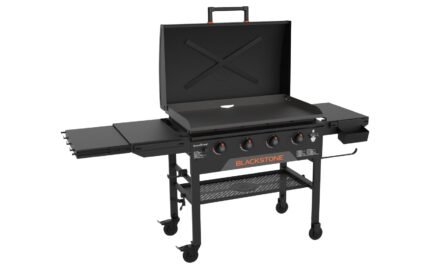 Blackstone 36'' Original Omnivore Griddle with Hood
###
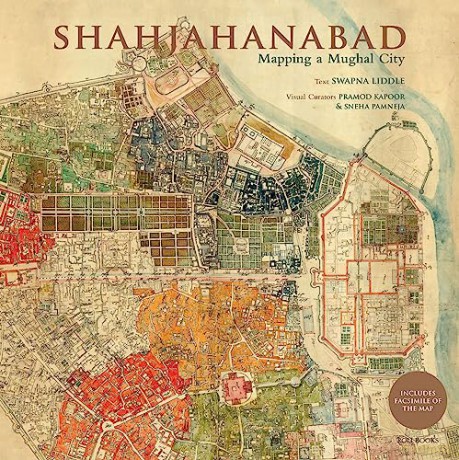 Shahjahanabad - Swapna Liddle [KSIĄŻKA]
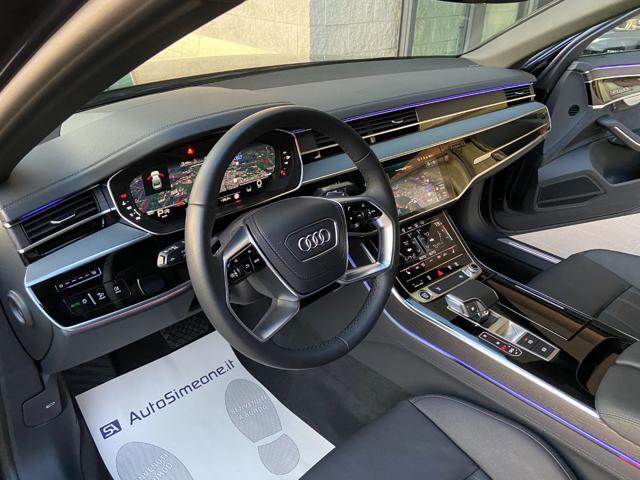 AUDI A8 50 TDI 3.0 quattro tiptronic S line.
###
Exercise brief:
Copy exactly the lines of the entries above from the one containing "Shahjahanabad - Swapna Liddle [KSIĄŻKA]" through the one containing "AUDI A8 50 TDI 3.0 quattro tiptronic S line.". Both end lines count; pictures do not.

Result for this task:
 Shahjahanabad - Swapna Liddle [KSIĄŻKA]
 AUDI A8 50 TDI 3.0 quattro tiptronic S line.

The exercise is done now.